(AIM OF THE TASK) Pictures stay out of the copy, and everything else in the data below is repeated exactly.

(DATA SECTION)
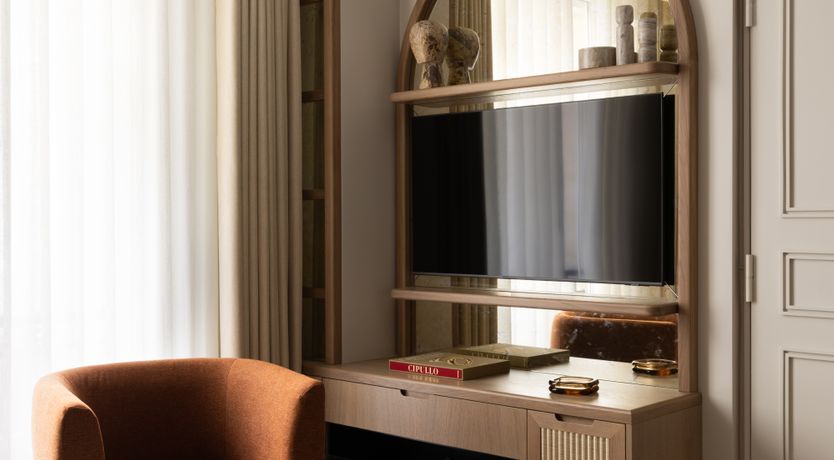 Photo of The Modern Parisienne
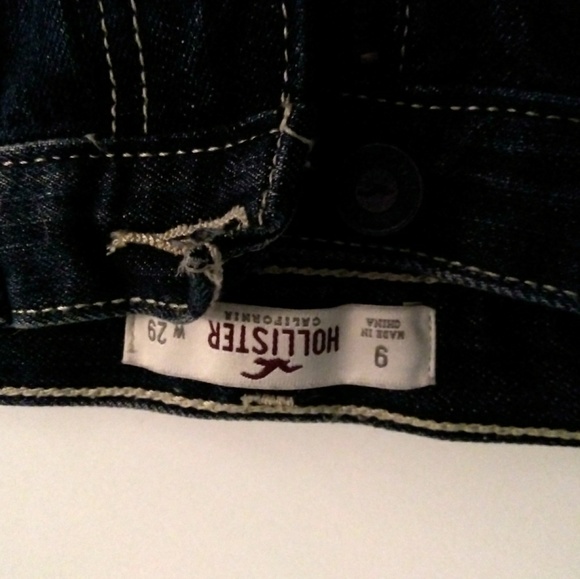 Hollister Distressed Shorts Size 9 - Picture 7 of 8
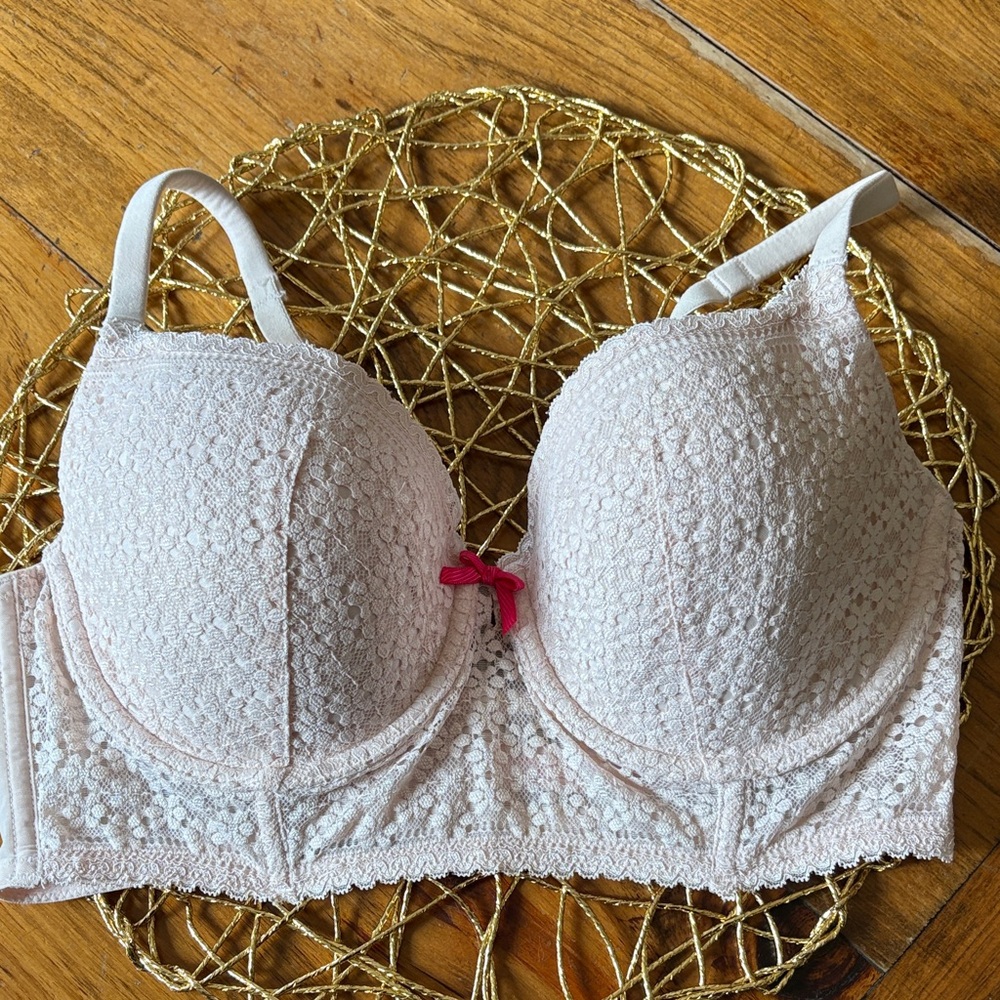 Victoria's Secret Lined Demi Super Pretty Lace Bra-36D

(OUTPUT)
 Photo of The Modern Parisienne
 Hollister Distressed Shorts Size 9 - Picture 7 of 8
 Victoria's Secret Lined Demi Super Pretty Lace Bra-36D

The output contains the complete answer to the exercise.